I am planning to make public a website I have been working on; it seems to me that the only way I can do this without needing to pay any extra money to external hosts etc. is by hosting the server from my computer at home.
I am worried about this. I trust the site itself is robust and secure — not vulnerable to injection attacks etc., but due to the act of simply serving a site via my router will attackers be able to get at other devices on my local network or access to my own personal computer (from which I intend to host the server)?
I have run nmap
on my public ip, without my server running:
Nmap scan report for mypublicip
Host is up (0.0023s latency).
Not shown: 995 closed ports
PORT STATE SERVICE
53/tcp open domain
80/tcp open http
443/tcp open https
5000/tcp open upnp
8080/tcp open http-proxy
Nmap done: 1 IP address (1 host up) scanned in 40.89 seconds
Are any of these services vulnerable? They are all managed by my router, and I haven't set any of them up.
The above results were from a device on my home network, so apparently they reflect ports my router exposes to devices already on its network.
Here are the nmap
results from an external source:
Starting Nmap 6.00 ( http://nmap.org ) at 2016-08-26 15:44 EEST
NSE: Loaded 17 scripts for scanning.
Initiating Ping Scan at 15:44
Scanning mypublicip [4 ports]
Completed Ping Scan at 15:44, 0.06s elapsed (1 total hosts)
Initiating SYN Stealth Scan at 15:44
Scanning mypublicip [100 ports]
Completed SYN Stealth Scan at 15:44, 4.25s elapsed (100 total ports)

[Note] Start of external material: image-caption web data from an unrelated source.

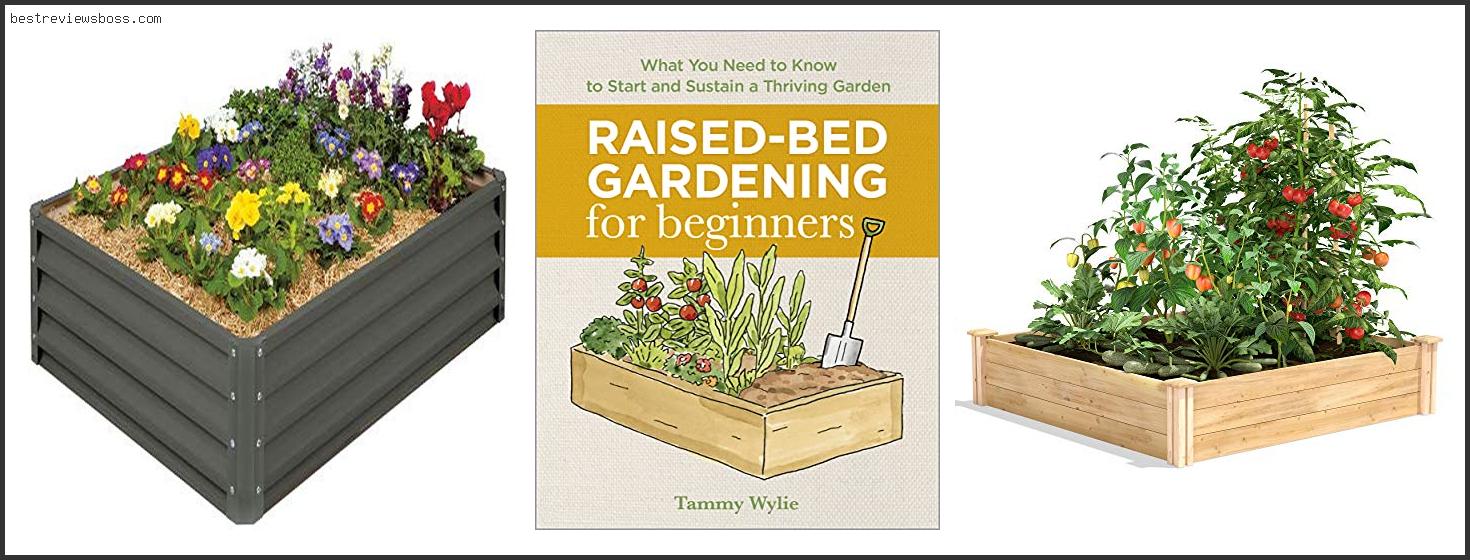 Top 7 Best Depth For A Raised Garden Bed For 2022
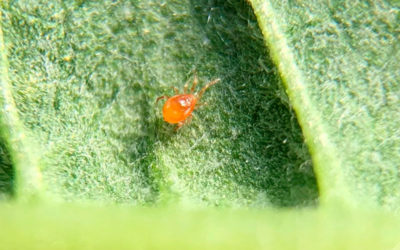 ‘Phytoseiulus persimilis’: cómo eliminar la araña roja de los cultivos de fresas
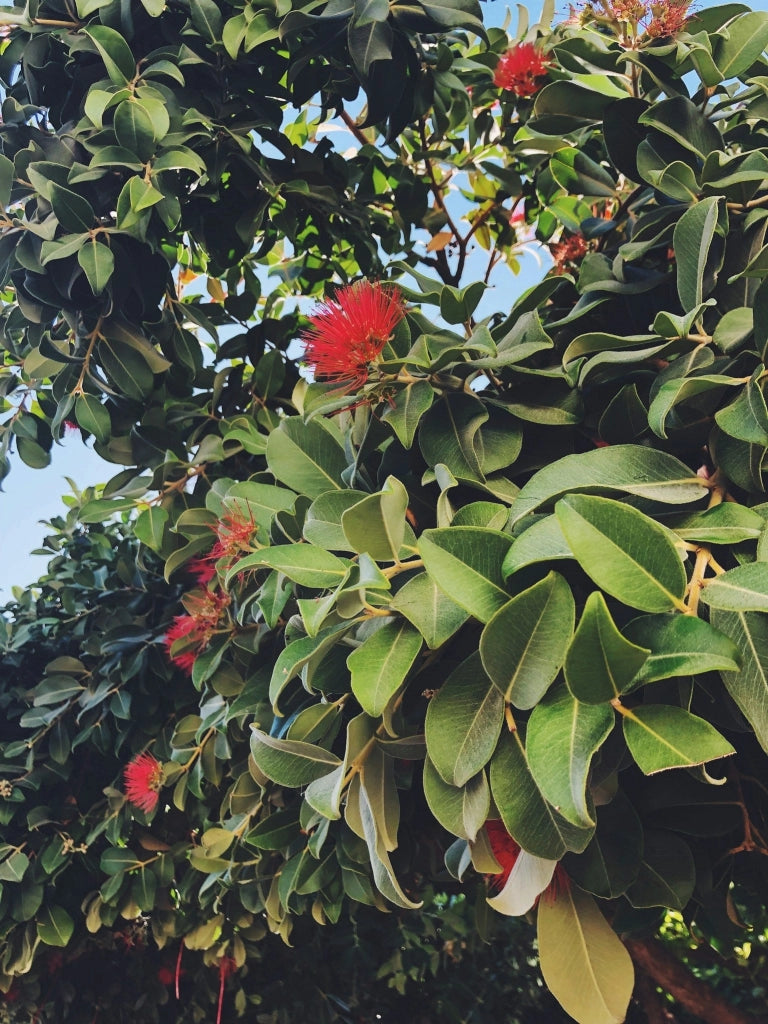 METROSIDEROS EXCELSA (ALBERO DI NATALE NEOZELANDESE) VASO 55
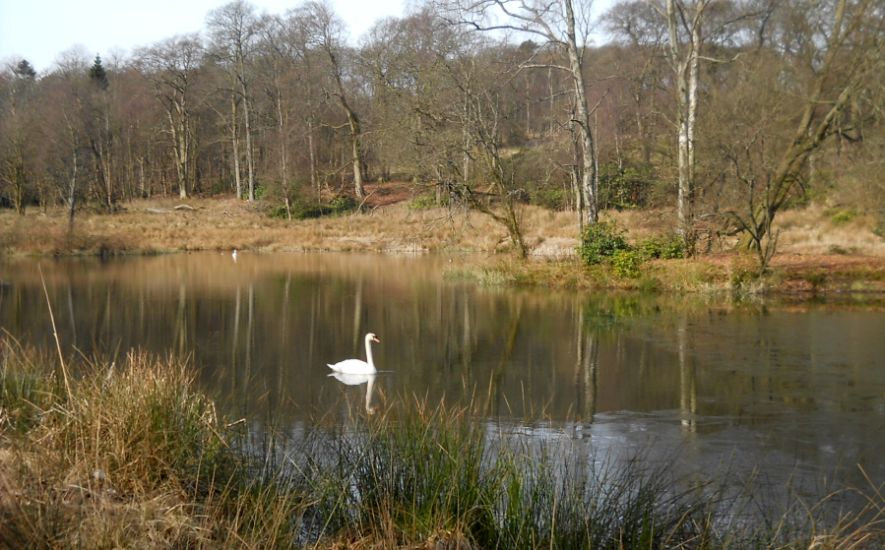 The Ladies Pond on Dougalston Estate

Initiating Service scan at 15:44
Initiating OS detection (try #1) against mypublicip
Retrying OS detection (try #2) against mypublicip
Initiating Traceroute at 15:44
Completed Traceroute at 15:44, 0.04s elapsed
NSE: Script scanning mypublicip.
[+] Nmap scan report for mypublicip
Host is up (0.033s latency).
All 100 scanned ports on mypublicip are filtered
Too many fingerprints match this host to give specific OS details
Network Distance: 9 hops
What steps should I take to best reduce the chances of an attacker gaining access to my personal computer or other devices on my home network?